**EXERCISE INSTRUCTIONS**
In the entries that follow, the lines from the one with "We're going to switch" through the one with "Variants. The Su-35" are the ones to write out, exactly and with both ends included. Nothing else should appear.

**SOURCE INFORMATION**
▶
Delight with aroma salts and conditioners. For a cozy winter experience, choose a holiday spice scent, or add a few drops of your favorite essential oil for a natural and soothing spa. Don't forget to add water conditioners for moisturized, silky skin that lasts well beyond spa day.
◀
▶
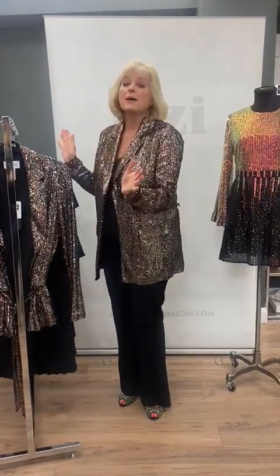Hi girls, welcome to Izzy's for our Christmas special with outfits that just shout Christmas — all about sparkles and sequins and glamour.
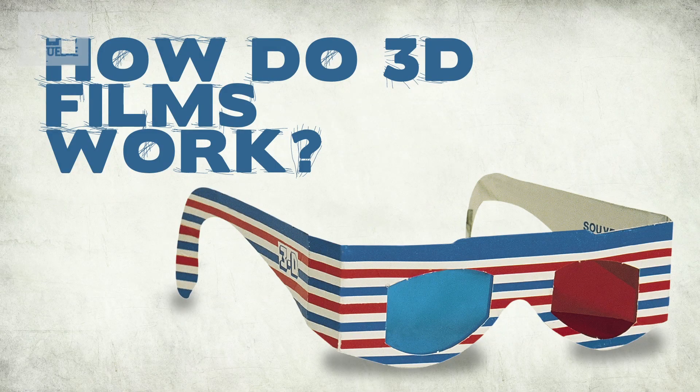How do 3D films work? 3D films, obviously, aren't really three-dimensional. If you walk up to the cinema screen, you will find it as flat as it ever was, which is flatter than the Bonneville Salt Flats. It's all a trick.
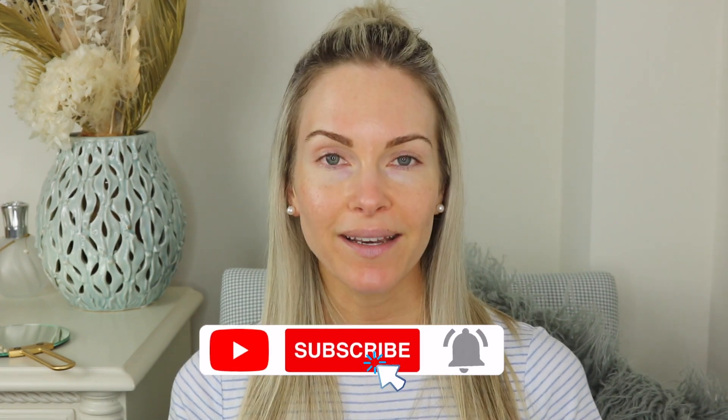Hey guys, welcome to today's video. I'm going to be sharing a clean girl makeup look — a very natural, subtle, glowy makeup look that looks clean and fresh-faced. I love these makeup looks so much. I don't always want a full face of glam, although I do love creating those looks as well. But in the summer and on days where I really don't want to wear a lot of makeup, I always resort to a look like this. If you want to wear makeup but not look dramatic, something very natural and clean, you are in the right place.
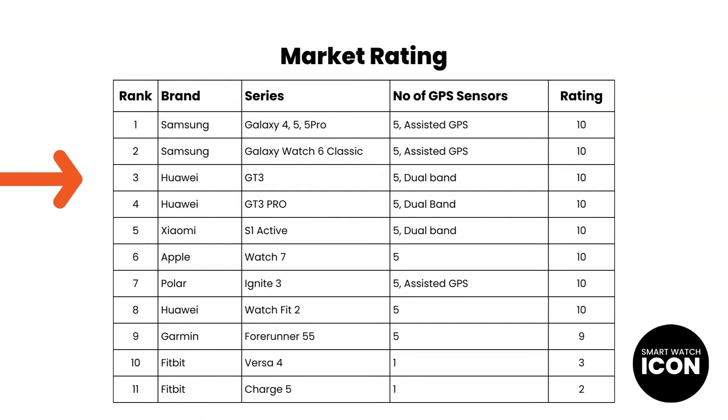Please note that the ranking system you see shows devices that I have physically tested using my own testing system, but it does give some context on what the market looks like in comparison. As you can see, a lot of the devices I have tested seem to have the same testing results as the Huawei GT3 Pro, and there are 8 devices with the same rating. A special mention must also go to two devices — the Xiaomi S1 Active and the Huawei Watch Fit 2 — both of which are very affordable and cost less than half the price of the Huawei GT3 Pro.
◀
▶
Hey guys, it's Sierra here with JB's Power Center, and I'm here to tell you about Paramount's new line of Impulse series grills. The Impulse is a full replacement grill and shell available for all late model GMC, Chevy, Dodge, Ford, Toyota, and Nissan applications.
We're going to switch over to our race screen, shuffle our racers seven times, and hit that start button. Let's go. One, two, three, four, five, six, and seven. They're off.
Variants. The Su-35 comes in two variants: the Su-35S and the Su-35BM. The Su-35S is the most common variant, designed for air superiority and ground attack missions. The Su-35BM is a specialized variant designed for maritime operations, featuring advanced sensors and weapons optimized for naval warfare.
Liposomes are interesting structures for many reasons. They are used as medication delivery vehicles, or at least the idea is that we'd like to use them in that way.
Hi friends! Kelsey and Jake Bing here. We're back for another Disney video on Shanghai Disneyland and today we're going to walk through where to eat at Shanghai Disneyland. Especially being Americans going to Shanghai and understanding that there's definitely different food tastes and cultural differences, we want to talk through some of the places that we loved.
◀
**EXPECTED OUTPUT**
We're going to switch over to our race screen, shuffle our racers seven times, and hit that start button. Let's go. One, two, three, four, five, six, and seven. They're off.
Variants. The Su-35 comes in two variants: the Su-35S and the Su-35BM. The Su-35S is the most common variant, designed for air superiority and ground attack missions. The Su-35BM is a specialized variant designed for maritime operations, featuring advanced sensors and weapons optimized for naval warfare.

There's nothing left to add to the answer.